Prompt => Leave the pictures out and print, word for word, the lines below from the one with "Creve Coeur FPD" through the final line.

*** Material to process Section Begins ***

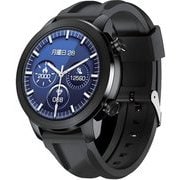 スマートウォッチ CHRONOWEAR Lite QSW-01L-B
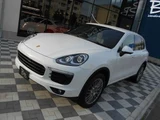 2015 Porsche Cayenne Spider SUV for sale, Japanese used car export - photo 9 of 50 | GULJI TRADERS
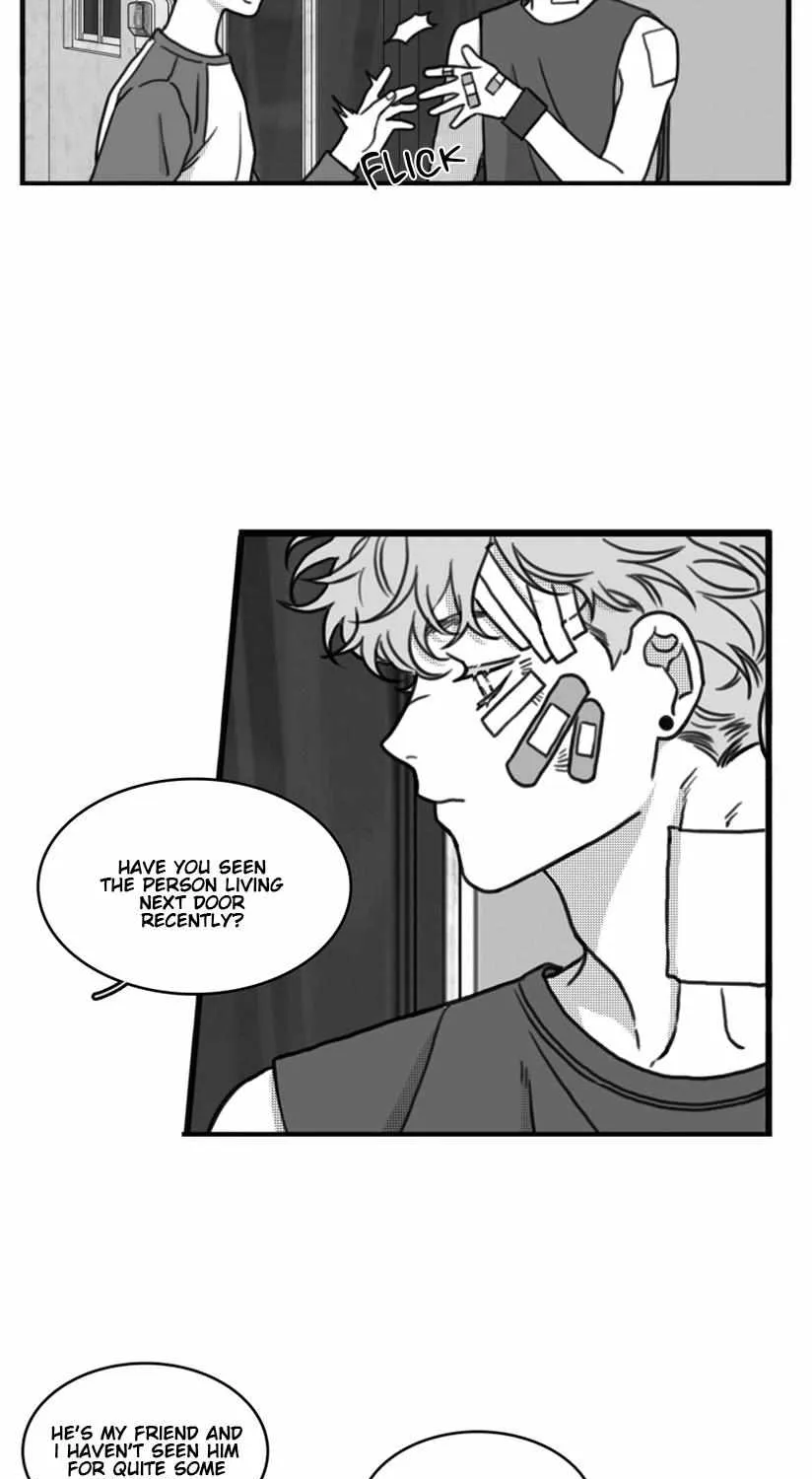 Little Bit Psycho Chapter 11 page 9 - MangaKakalot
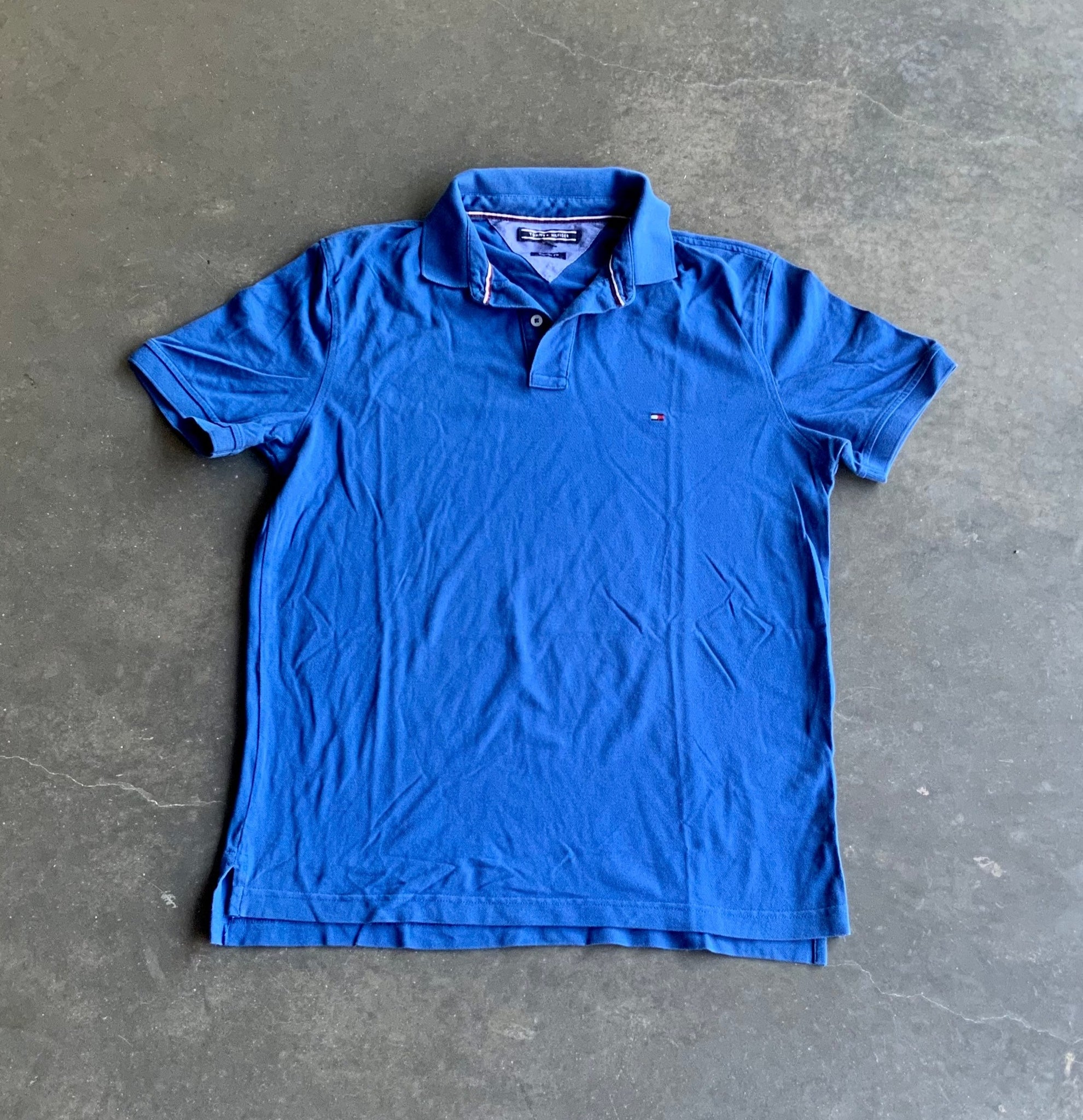Tommy Hilfiger Polo L
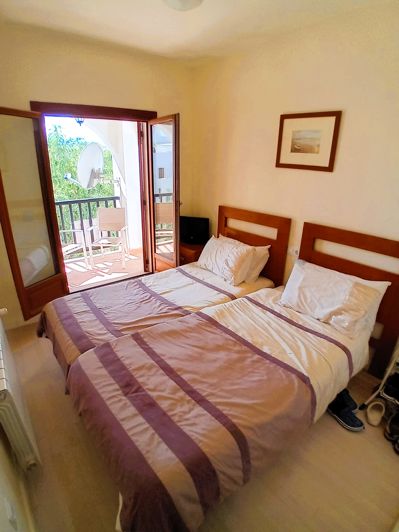 Image No.19-Appartement de 2 chambres à vendre à El Valle Golf Resort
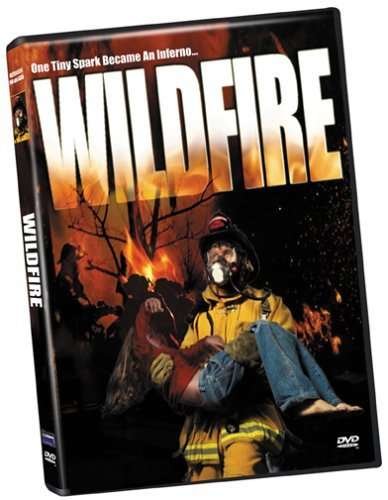 Cover for Wildfire (DVD) (2006)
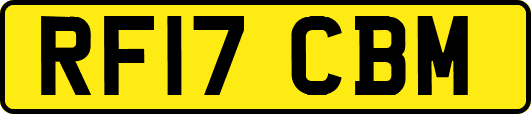 RF17CBM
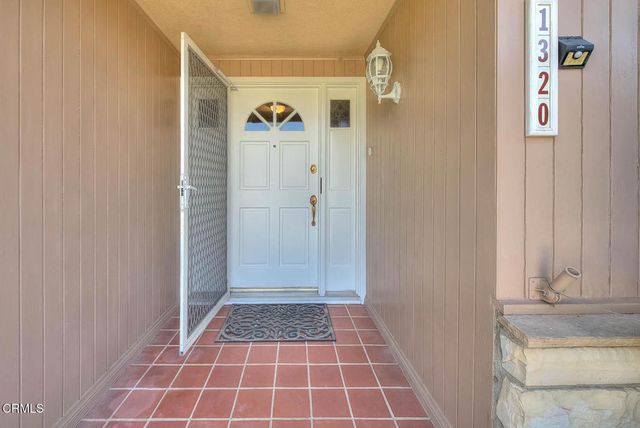 1320 Silliker Avenue, La Habra, CA 90631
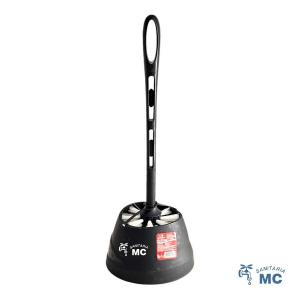 CEPILLO SANITARIO C/RECIPIENTE CONDOR 6106 (PFW)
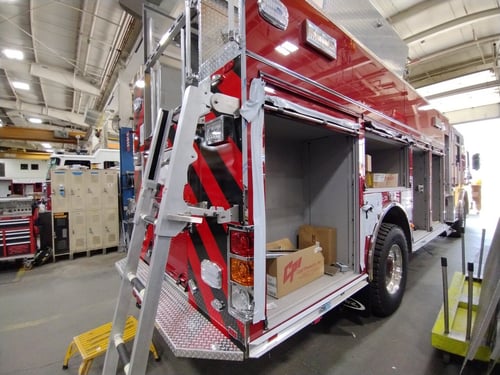 Creve Coeur FPD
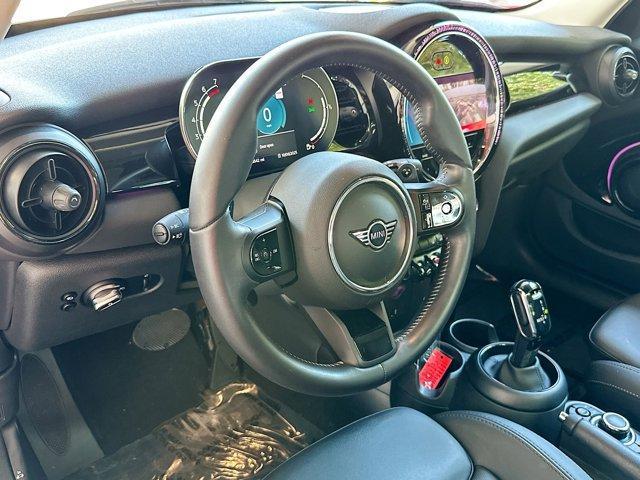used 2023 MINI Hardtop car, priced at $26,000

*** Material to process Section Ends ***

Response =>
 Creve Coeur FPD
used 2023 MINI Hardtop car, priced at $26,000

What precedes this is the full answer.